Bug in documentation for Encode::decode_utf8 ?

2013-09-05 Thread William Blunn

The documentation for Encode::decode_utf8 begins:

$string = decode_utf8($octets [, CHECK]);

Equivalent to $string = decode(utf8, $octets [, CHECK]).

So what should the following one-liner emit?

perl -E 'use charnames :full; use Encode; my $x = \N{LATIN CAPITAL 
LETTER A WITH CIRCUMFLEX}\N{POUND SIGN}; say decode_utf8($x) eq 
decode(utf8, $x) ? Fine : WTF?'


Fine\n ?

On my system it emits WTF?\n.

It seems that decode_utf8(...) is a no-op if the input string has the 
UTF8 flag on, but decode(utf8, ...) will always try to decode 
regardless of the state of the UTF8 flag.

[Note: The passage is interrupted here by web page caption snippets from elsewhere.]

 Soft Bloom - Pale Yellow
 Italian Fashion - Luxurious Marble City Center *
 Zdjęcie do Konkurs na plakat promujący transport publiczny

But the documentation says that they are equivalent.

So the documentation would appear to be at odds with the behaviour.

Regards,

Bill


Re: Bug in documentation for Encode::decode_utf8 ?

2013-09-05 Thread Jason Clifford

On 2013-09-05 09:31, William Blunn wrote:

It seems that decode_utf8(...) is a no-op if the input string has the
UTF8 flag on, but decode(utf8, ...) will always try to decode
regardless of the state of the UTF8 flag.

But the documentation says that they are equivalent.

So the documentation would appear to be at odds with the behaviour.


Yes. Looking at the code decode_utf8 has return $_ if is_utf8($_) as 
it's first line which decode does not.
decode_utf8 also lacks the a check that find_encoding('utf8') succeeded 
before using it however if that causes a problem it's because there are 
far bigger problems. Another difference is that decode_utf8 appends '' 
if $_ is a reference while decode() appends '' without any condition.




Re: Bug in documentation for Encode::decode_utf8 ?

2013-09-05 Thread Mark Fowler
On Thursday, 5 September 2013 at 04:31, William Blunn wrote:
 But the documentation says that they are equivalent.
 
 So the documentation would appear to be at odds with the behaviour.
Yeah, this is a bug.  This one:

https://rt.cpan.org/Public/Bug/Display.html?id=87267

This was actually fixed in Encode 2.53 (which was released a week ago today)

https://metacpan.org/source/DANKOGAI/Encode-2.54/Changes

Now decode_utf8 does exactly what the documentation says it used to, they are 
now equivalent.

Mark.